Employers need to assess the workplace to better understand the risks of stress. They should consider the following:

  • Take stress seriously and be understanding with employees who are under too much pressure.
  • Know the signs and symptoms that indicate a person is having difficulty coping with stress.
  • Involve employees in decision-making and encourage them to express themselves directly or through a committee, etc.
  • Encourage managers to have an understanding attitude.
  • Be proactive in looking for signs of stress among staff.
  • Implement workplace health and wellness programs  that target the real source of stress. Stress at work can be of various origins: safety, ergonomics, job requirements, etc. Ask employees to help identify the root cause.
  • Incorporate stress prevention or the promotion of  positive mental health into your policies or organizational mission statement.
  • Ensure that employees have received the appropriate training and that they have the skills and resources necessary to be successful in their jobs.
  • Design tasks in such a way as to promote a balanced distribution of the workload. Give employees as much control as possible over the tasks they are expected to perform.
  • Treat all employees fairly and respectfully.
  • Valuing and highlighting results and individual skills.
  • Offer support.
  • Clearly state what the job expectations are.
  • Strive to limit job demands to what is reasonable by ensuring acceptable deadlines and hours of work, as well as varied, interesting and clearly defined tasks.
  • Provide professional therapy options. 

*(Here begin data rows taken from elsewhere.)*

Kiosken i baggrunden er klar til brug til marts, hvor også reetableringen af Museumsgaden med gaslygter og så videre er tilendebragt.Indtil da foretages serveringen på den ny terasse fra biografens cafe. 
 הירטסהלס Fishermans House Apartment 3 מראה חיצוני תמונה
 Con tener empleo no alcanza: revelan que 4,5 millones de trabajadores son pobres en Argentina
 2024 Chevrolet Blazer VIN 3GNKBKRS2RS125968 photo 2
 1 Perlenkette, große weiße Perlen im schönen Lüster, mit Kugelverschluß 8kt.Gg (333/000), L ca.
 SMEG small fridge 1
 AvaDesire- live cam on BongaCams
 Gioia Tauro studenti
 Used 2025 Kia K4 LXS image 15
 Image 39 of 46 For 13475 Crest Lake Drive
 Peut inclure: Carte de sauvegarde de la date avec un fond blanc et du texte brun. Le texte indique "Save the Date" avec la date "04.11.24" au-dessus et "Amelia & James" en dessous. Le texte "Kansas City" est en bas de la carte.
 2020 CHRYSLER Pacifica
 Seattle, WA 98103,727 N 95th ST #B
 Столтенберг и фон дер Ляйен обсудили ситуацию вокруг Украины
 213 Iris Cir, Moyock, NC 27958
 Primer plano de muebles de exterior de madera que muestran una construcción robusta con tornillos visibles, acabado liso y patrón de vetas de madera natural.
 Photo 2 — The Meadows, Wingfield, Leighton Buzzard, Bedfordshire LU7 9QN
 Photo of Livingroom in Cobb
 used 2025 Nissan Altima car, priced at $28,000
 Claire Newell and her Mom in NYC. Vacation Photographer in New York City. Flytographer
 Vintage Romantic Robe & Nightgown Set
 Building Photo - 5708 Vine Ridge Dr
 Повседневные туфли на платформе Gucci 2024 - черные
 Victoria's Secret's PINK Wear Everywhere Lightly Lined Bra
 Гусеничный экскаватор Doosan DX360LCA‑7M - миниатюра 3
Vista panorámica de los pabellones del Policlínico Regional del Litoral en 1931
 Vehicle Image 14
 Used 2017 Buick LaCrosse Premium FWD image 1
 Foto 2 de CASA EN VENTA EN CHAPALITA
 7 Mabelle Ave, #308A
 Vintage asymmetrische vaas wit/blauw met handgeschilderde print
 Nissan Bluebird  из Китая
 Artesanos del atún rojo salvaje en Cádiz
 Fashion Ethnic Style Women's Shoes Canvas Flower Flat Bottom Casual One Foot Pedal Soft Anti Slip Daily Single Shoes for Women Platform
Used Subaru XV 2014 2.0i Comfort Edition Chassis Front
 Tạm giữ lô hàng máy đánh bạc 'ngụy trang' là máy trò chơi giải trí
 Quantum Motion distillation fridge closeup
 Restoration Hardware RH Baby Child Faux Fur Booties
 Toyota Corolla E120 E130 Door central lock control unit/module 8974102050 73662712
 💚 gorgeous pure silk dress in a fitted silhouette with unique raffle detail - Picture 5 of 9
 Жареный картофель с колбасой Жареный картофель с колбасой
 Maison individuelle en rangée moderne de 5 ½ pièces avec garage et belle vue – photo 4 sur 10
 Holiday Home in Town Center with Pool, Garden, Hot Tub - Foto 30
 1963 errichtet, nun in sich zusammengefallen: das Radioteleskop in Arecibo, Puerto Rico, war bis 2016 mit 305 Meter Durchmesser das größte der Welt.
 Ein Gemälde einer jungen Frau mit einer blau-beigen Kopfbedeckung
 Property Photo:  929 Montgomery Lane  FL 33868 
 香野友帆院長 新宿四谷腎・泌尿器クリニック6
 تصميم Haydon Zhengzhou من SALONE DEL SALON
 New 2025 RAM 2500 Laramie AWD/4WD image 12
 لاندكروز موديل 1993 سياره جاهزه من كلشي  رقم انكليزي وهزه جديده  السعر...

Important takeaways from having a stress leave: 

While you begin your stress leave, you might feel as if the immense weight holding you down has finally lifted because, with the help of stress leave, you can once again remind yourself what good self-care looks like, a good first step might be creating a self-care plan.

These strategies can help:

Prioritize self-care

Form a sleep routine, 

Prepare nutritious meals, 

Enjoy quality time with loved ones, 

Exercise.

Spend time in nature

Meditate

Journaling or art

Other strategies: 

Getting professional support to identify triggers early on can have a big impact on future well-being so that you don’t end up in the same place once again. For example, why should we only look at therapy when we can look at working with a sleep specialist to address patterns of disrupted sleep. For cognitive-behavioral techniques, you can also meet a therapist to deal with stress, anxiety, and depression to cope with triggering subjects or circumstances. 

Sometimes your key goal might be to make smaller, manageable changes you can maintain over time rather than the need to implement large changes during your time off. 

It is equally important to take some time to visualize the potential outcomes of your stress leave. For example, if you see yourself not being able to change and foresee your workplace situation and life circumstances remaining the same, then your primary goal should be protecting your own well-being. It may be time to acknowledge you can’t continue in a highly taxing job.

Final thoughts on stress leave:

There is no shame in visualizing and seeing yourself return to work and your work colleagues. 

Your primary goal might center around exploring ways to keep up your stress-reducing habits.

Remember that the characteristics of the workplace can in itself be a source of stress. Stress management courses and counseling services can be of great help to employees, but it is important to find the source of the stress and deal with it as quickly as possible.

There are many ways to be proactive in dealing with stressful situations such as taking a stress leave. Mental health, self-help, healthy habits, and stress management courses, and counseling services can help employees, but it is important to find the root causes of stress and take steps to address it.  However, in some cases, the source of stress cannot be changed immediately. That is why it is essential to find ways to maintain good mental health.